Research
Principal Collaborators
- Alex Smola,
Principal Researcher, Yahoo! Research, Santa Clara
- Arthur Gretton,
Lecturer, Gatsby Computational Unit, University College of London, London
- Bernhard Schölkopf,
Professor, Max-Planck Institute for Biological Cybernetics, Tübingen
- Carlos Guestrin,
Associate Professor, Carnegie Mellon University, Pittsburgh
- Eric Xing,
Associate Professor, Carnegie Mellon University, Pittsburgh
- Karsten Borgwardt,
Assistant Professor, Max-Planck Institute for Developmental Biology, Tübingen
- Kenji Fukumizu,
Professor, The Institute of Statistical Mathematics, Tokyo
Nonparametric Graphical Models
Probabilistic graphical models are good tools
for representing structured dependencies between random
variables in challenging tasks in social networks,
natural language processing, computer vision, and beyond.
Most existing applications of graphical models are restricted to cases
where each random variable can take on only
a relatively small number of values, or, in continuous
domains, where the joint distributions are Gaussians.
I developed a novel nonparametric representation
for graphical models based on the concept of
kernel embeddings of distributions.
This new representation allows one to conduct learning and
inference in graphical model with much more general distributions.
Nonparametric graphical models have been applied to
various learning problems, such as cross-language document retrieval,
estimating depth from a single image, classification and forecast for
dynamical system models of video, speech and sensor time series.
In these applications, this new method outperforms state-of-the-art techniques.
Modeling, Analyzing and Visualizing Networks
Much of the world's information has a relational structure and can be modelled mathematically as networks and graphs. Examples include biological networks, webgraphs and social networks. Many of these large and complex networks exhibit rich spatial and temporal phenomena. Traditional graph modeling, analysis and visualization algorithms are not able to capture this complex spatial and temporal behavior. I designed new modeling, analyzing and visualizing tools to better understand complex networks.
Learning via Kernel Dependence
In this work, distributions are embedded into Hilbert spaces via expected feature map of a kernel, and then all subsequent operations on distributions are carried out in the Hilbert space.

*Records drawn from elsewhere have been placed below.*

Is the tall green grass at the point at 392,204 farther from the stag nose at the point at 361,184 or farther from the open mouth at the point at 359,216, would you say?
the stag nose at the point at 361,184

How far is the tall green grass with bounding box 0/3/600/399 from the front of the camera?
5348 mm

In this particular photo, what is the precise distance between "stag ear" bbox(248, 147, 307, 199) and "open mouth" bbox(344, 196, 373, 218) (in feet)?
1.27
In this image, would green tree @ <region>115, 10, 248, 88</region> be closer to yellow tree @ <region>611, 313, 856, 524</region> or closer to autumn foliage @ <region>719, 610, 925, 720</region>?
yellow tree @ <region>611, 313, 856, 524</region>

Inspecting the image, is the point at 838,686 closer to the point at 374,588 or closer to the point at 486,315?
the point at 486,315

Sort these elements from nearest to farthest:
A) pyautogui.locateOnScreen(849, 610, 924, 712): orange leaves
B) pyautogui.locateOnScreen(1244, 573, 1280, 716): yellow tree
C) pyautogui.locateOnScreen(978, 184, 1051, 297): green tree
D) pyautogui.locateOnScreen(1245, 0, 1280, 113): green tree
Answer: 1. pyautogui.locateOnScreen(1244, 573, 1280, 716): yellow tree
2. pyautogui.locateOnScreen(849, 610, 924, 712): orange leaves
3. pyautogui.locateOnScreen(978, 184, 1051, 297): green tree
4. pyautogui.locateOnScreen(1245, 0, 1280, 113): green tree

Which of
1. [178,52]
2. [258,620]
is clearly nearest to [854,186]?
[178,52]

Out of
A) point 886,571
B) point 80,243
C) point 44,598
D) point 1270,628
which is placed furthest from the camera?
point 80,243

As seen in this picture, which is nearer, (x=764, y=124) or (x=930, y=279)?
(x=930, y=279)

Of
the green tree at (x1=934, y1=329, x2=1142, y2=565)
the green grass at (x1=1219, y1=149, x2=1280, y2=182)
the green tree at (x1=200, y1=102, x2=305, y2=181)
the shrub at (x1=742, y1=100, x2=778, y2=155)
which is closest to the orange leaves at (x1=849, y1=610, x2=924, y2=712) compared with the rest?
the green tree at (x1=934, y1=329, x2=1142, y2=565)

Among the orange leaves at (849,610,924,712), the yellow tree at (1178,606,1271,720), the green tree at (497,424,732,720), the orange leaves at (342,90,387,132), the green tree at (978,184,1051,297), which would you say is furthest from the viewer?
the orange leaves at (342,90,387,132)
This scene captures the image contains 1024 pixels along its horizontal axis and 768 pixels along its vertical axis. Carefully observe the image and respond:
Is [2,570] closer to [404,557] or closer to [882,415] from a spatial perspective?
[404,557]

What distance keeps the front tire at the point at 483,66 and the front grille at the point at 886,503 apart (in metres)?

This allows one to compute distances between distributions in
terms of distances between their embeddings. We have developed a framework of learning based on this which includes
density estimation, clustering, feature selection, two sample tests,
independence tests, nonparametric sorting, and dimensional reduction. A large number of existing methods appear in this framework as special cases.
Furthermore, this often leads to algorithms which are simpler and more effective than information theoretic methods in a broad range of applications.
Applications to Computational Biology and Other Sciences
I bring the state-of-the-art
statistical learning and modeling techniques to study complex data in real world applications and accelerate the
understanding of increasingly challenging modern science problems. For instance, in life science, the deluge of
inter-related genome-transcriptome-phenome data offers an unprecedented opportunity for statistical modelings
to explore questions such as how higher organism functions respond to molecular-level alterations. Clues to these
questions are essential to the understanding, diagnoses and treatments of complex disease such as asthma and
cancer. I developed methods to address problems such as selecting informative genes, understaning time varying gene regulatory networks, analyzing dynamic mental processes.